I have made a return to regular gigging after taking it easy in September to recover from the Fringe and settle back to working full-time in the real world. Fortunately for you, I already have a gig tales to tell.
Last week, I performed where most performers dread: in the main area of a pub. Worse still, it was a free gig, with many of the punters not there to see comedy, there was nowhere at the front of the stage for the audience to sit and there were a disproportionate amount of bar staff working who were talking very loudly.
Fortunately, this is exactly the type of gig I enjoy doing. I went up and started berating the bar staff to get them to be quiet and then I demanded I be given a shot. Incredibly, the manager obliged and I received some vodka.
I managed to get some decent laughs out of the room and towards the end of my set, I demanded another free shot from the bar. Amazingly, this worked a second time. When they asked for money, I told them to put it on my imaginary slate. I genuinely don’t know I got away with this, especially as there was a bouncer around, but I did exactly that. If I didn’t have a microphone and wasn’t on stage, I expect I would have been thrown out.
To make things even more ridiculous, someone came up to me afterwards and wanted to book me a paid gig. I don’t know if this will ever amount to anything, but I am still willing to take it as a gig win.
In other ridiculous news, I played the part of God in Q&A at the same variety night where I portrayed the physical embodiment of the 1990s back in February. I used a bed sheet as a toga, used white face paint on my beard and eyebrows, and had a bath mat on my head.
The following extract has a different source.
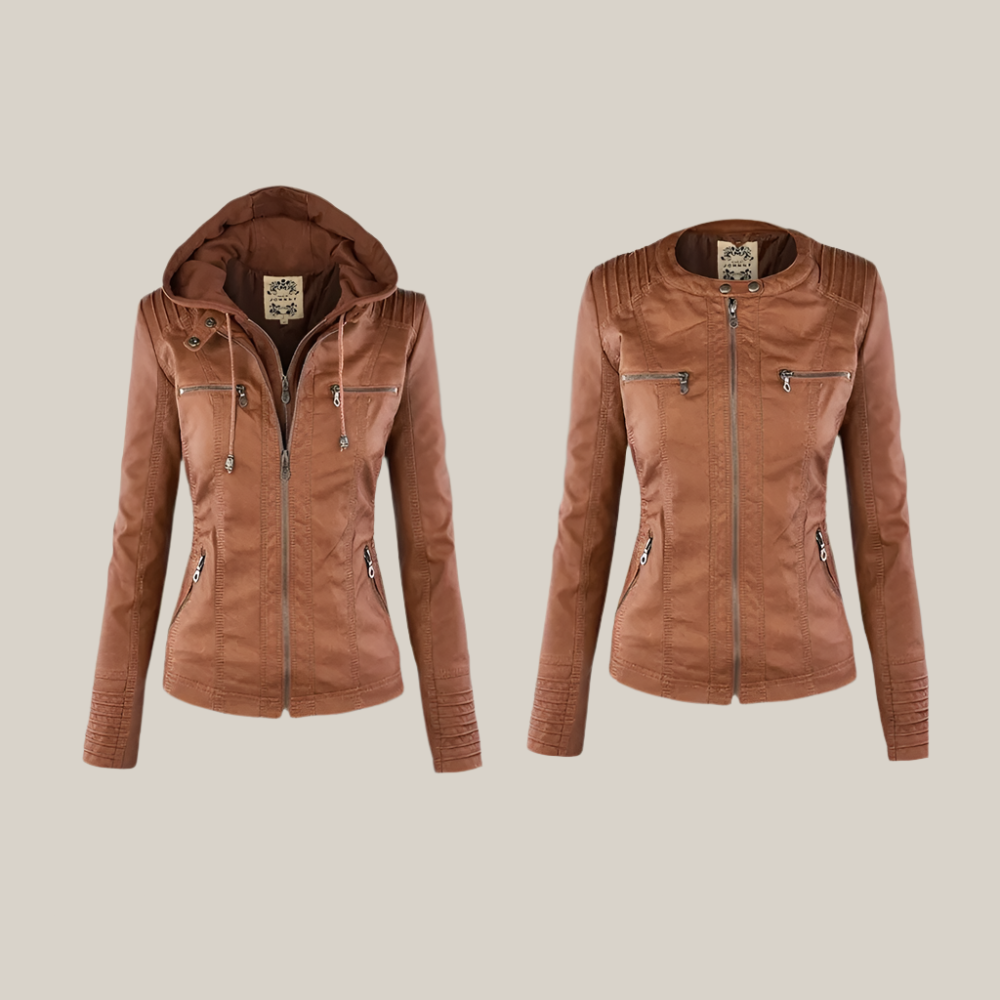 Ivyshape | Stylish Leather Coat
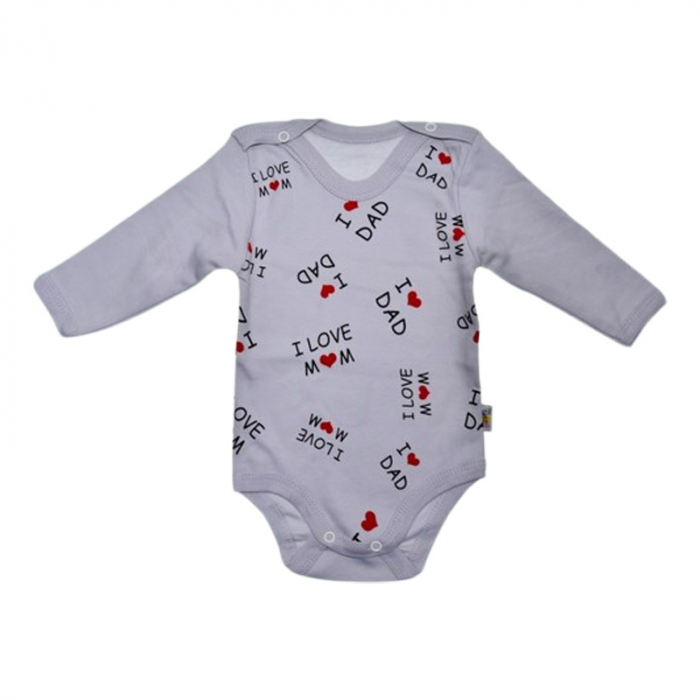 Body cu maneca lunga, pentru baieti, Mini Junior 1118G2, Gri [1]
They were quite a rowdy crowd; so I just played it shouty and sweary, very similar to my 1990s persona. I also made threats to strike people down with arthritis and irritable bowel syndrome, then told someone dressed as Jesus that he was a disappointment to me. It was all very stupid and a lot of fun, proving for the second time in under a week just how much enjoyment can be had from berating people on stage.